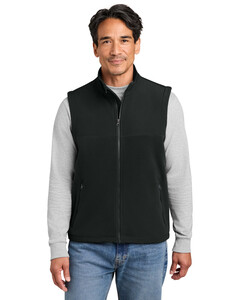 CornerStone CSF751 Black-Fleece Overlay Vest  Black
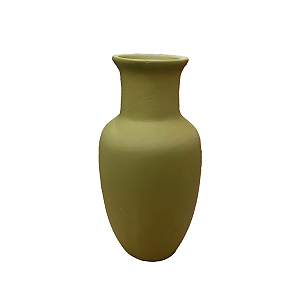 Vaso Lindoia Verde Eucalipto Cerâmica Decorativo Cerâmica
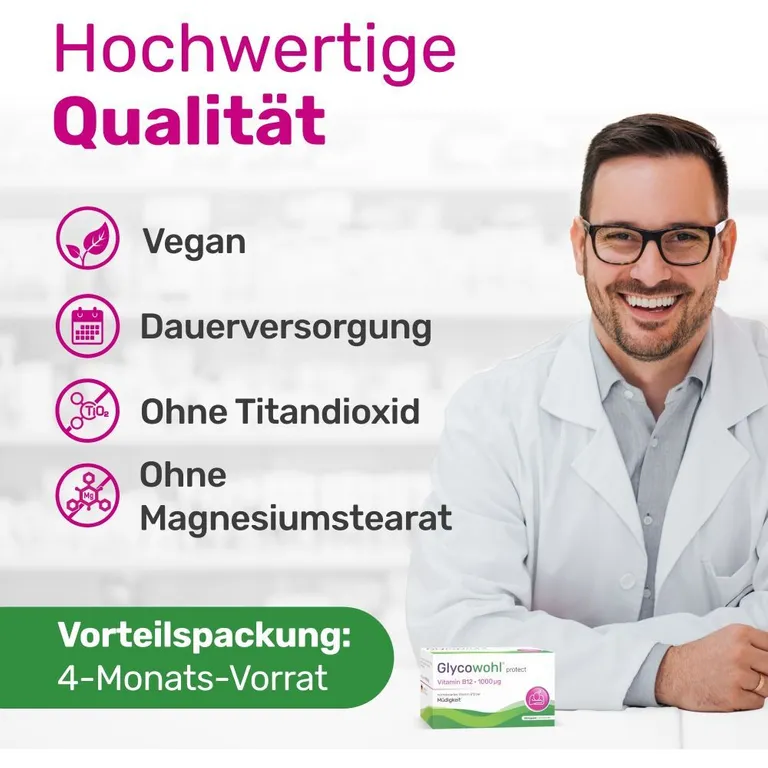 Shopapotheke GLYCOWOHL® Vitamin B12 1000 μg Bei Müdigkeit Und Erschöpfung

---

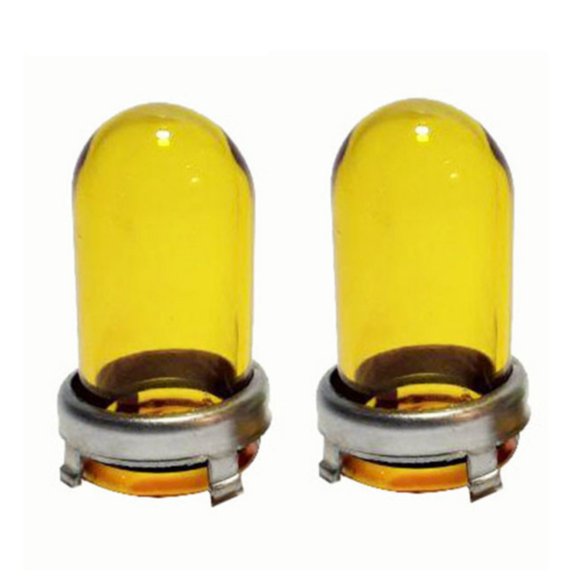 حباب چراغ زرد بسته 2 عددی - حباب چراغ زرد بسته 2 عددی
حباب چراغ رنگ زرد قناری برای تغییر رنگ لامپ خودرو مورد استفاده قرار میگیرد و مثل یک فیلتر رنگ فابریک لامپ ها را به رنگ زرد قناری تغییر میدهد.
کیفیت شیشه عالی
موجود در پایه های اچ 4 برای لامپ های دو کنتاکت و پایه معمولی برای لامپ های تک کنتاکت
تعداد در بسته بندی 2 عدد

● **Problem description**: Search term "برای": return each line of the data that contains it.

● **Response to this task**:
حباب چراغ رنگ زرد قناری برای تغییر رنگ لامپ خودرو مورد استفاده قرار میگیرد و مثل یک فیلتر رنگ فابریک لامپ ها را به رنگ زرد قناری تغییر میدهد.
موجود در پایه های اچ 4 برای لامپ های دو کنتاکت و پایه معمولی برای لامپ های تک کنتاکت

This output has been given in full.